# Printing issues and Maverick



## wonderings (Jun 10, 2003)

I always test a new version of OS X on my machine before ever installing it on the rest of the machines at work. It is frustrating that with almost every major OS X update (lion, mountain lion, mavericks, etc) that it brings about printing issues. Do they change that much in OS X to effect printing? I will have to switch back to mountain lion tonight just to regain normal functionality with printing. Everything else in mavericks works fine, love the tabbed folders, etc. I am trying to print to our RIP but it is a no go now. Constantly pauses the print cue. I tried getting a new ppd from pressteks website, no change. Tried reinstalling the printers, again with no change. A very frustrating experience. 

Even with our Xerox digital press (DC260) there are issues when sending larger files. I can work around that one easily at least. It is very frustrating that an update like this seems to bring about so many problems when it comes to printing. Especially since there is no real huge difference between mountain lion and mavericks that I can see. Seems like little tweaks here and there, again not sure why they would change things so much that it would effect printer drivers and such.


----------



## screature (May 14, 2007)

Early adoption is a real bitch as I have come to learn over the years...

That is why I always wait until at least x.3.x or more.

I am still happily running 10.6.8 my old Mac Pro for my Pro needs.

I will admit that I have another Boot Disk running 10.7 just because I want to play a certain game.

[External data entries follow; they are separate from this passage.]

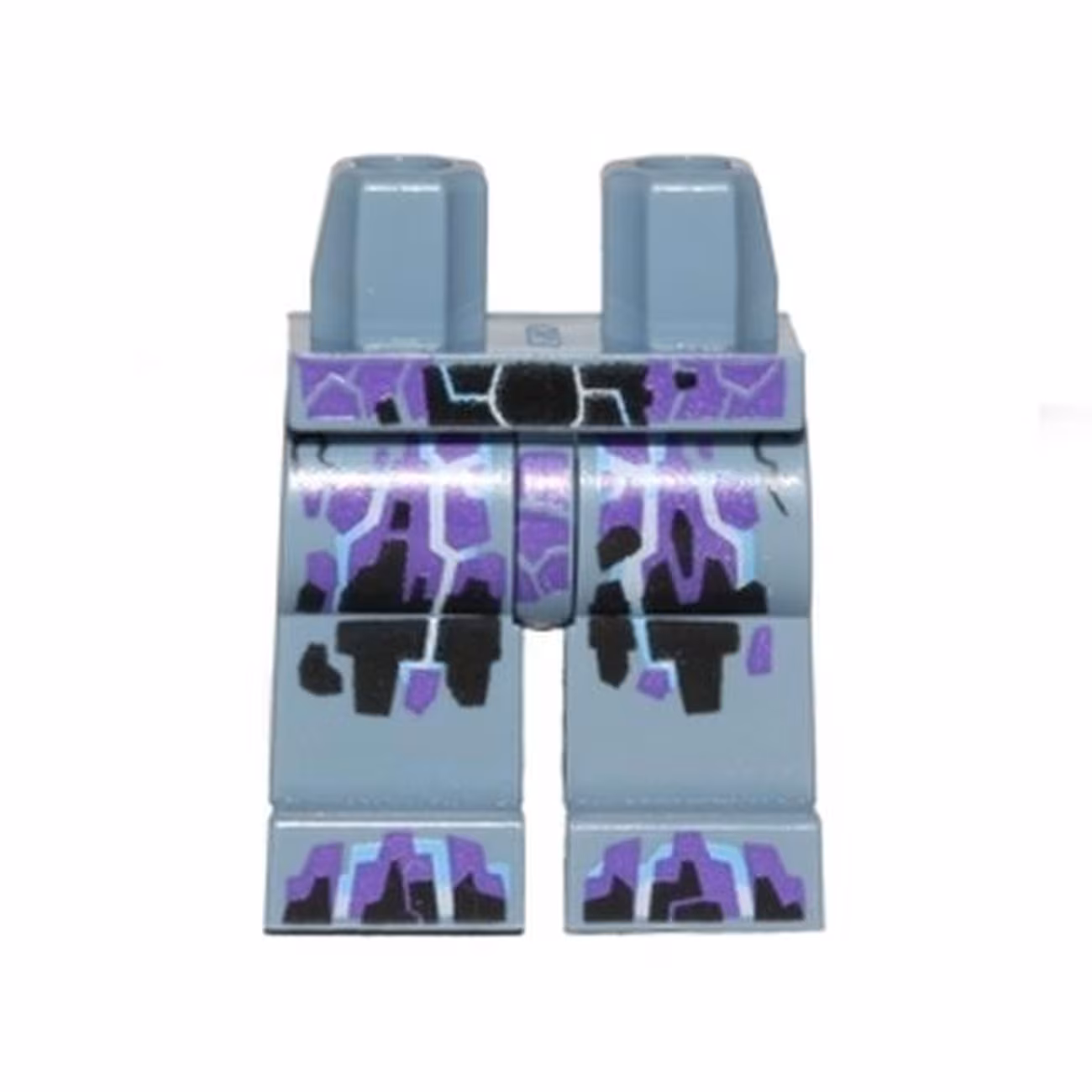 Hips and Legs with Black and Dark Purple Rock Veins Pattern Hips and Legs with Black and Dark Purple Rock Veins Pattern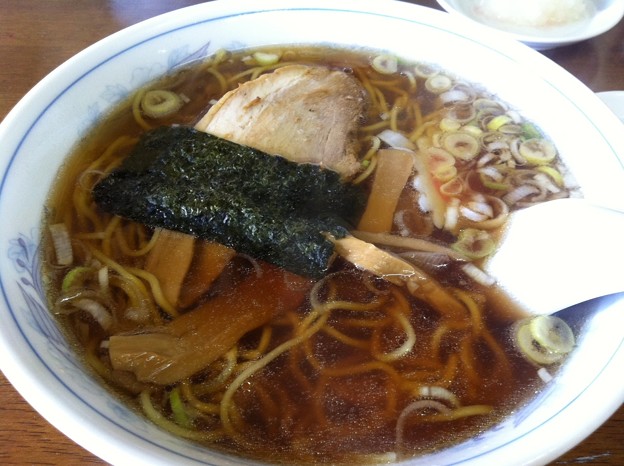 犬若食堂のラーメン 写真共有サイト フォト蔵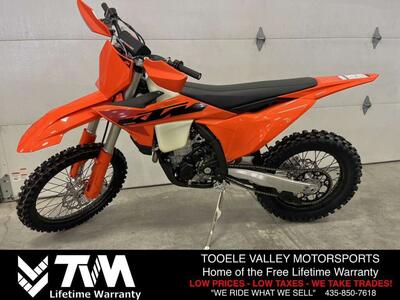 2025 KTM 350 XC-F W/LIFETIME ENGINE WARRANTY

I hope you backed up your last working version of mountain lion that you can revert to...


----------



## wonderings (Jun 10, 2003)

screature said:


> Early adoption is a real bitch as I have come to learn over the years...
> 
> That is why I always wait until at least x.3.x or more.
> 
> ...



I always do a time machine backup. Took an hour over lunch to revert back to mountain lion.


----------



## wonderings (Jun 10, 2003)

Seems the paused printer issue is a common problem for many people across a wide variety of printers.


----------



## macintosh doctor (Mar 23, 2009)

i always joke with my clients who think the $20 upgrade for the OS in this case $0 upgrade is a deal..
it is always a $2000 upgrade, people are finally coming to terms with that..

- new software 
- new hardware [ printers, ram etc]

it is never a $20 upgrade LOL


----------



## wonderings (Jun 10, 2003)

macintosh doctor said:


> i always joke with my clients who think the $20 upgrade for the OS in this case $0 upgrade is a deal..
> it is always a $2000 upgrade, people are finally coming to terms with that..
> 
> - new software
> ...


I think there has been only one case with our machines of it no longer being supported by a new update of OS X, it just takes time for drivers and updates to come out to work with them. It is frustrating, especially with Mavericks as it does not seem like a radical shift or change from mountain lion, just some nice tweaks. Not sure why or what would change in the regards to printing that would cause issues like this.


----------



## Oakbridge (Mar 8, 2005)

Oddly enough when I just tried my HP 2605 Colour Laser (which is 6+ years old) it printed fine. HP is usually one of the worst for supporting new OSs. 

Perhaps the reason is that printing consumption is way down with each new release. Obviously some people still need to print, but I know that the majority of my clients are looking for ways to reduce their printed output. 

For my business, I can't remember the last time I printed something.


----------